● **What this task involves**
Repeat the lines below exactly as they appear, but leave out the images.

● **Information shown**
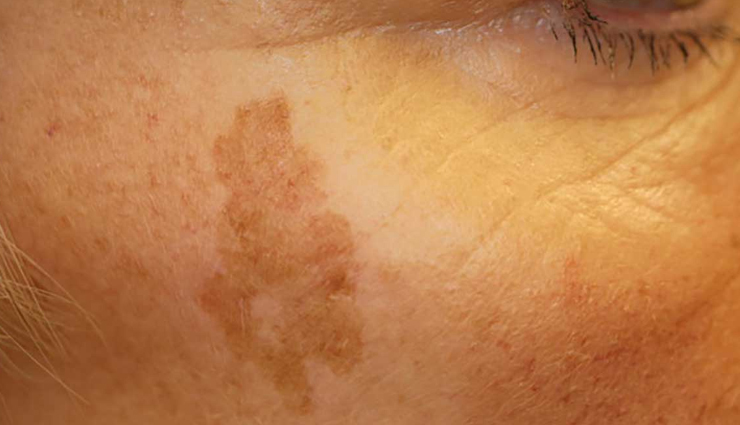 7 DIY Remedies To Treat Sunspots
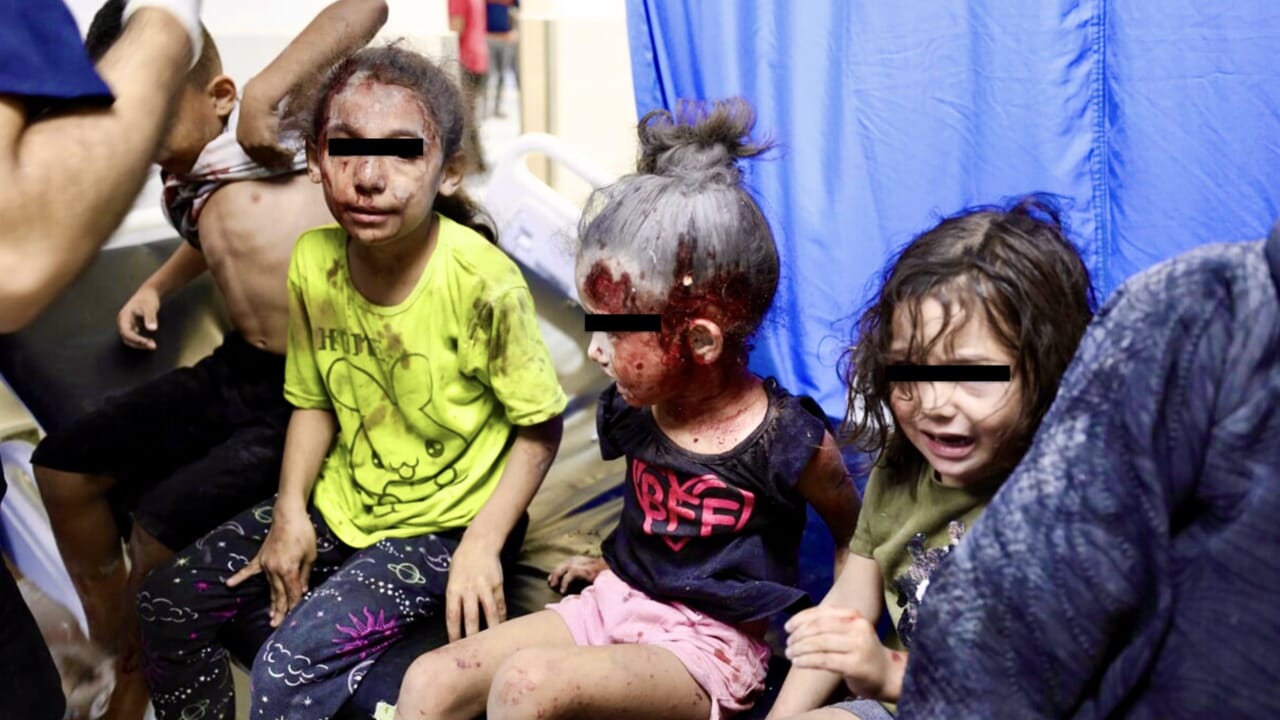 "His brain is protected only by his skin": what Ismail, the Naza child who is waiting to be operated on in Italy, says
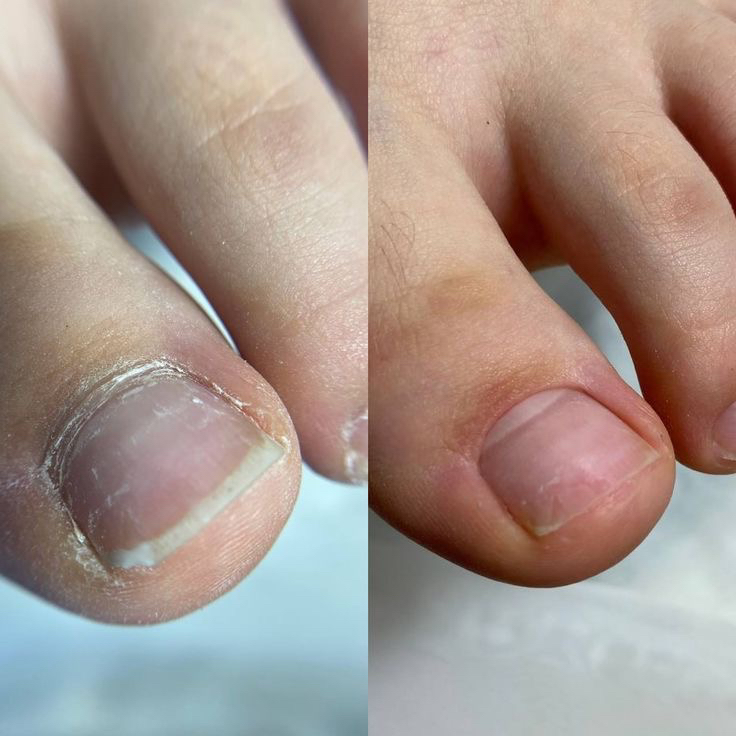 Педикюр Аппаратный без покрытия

● **Answer to this problem**
 7 DIY Remedies To Treat Sunspots
 "His brain is protected only by his skin": what Ismail, the Naza child who is waiting to be operated on in Italy, says
 Педикюр Аппаратный без покрытия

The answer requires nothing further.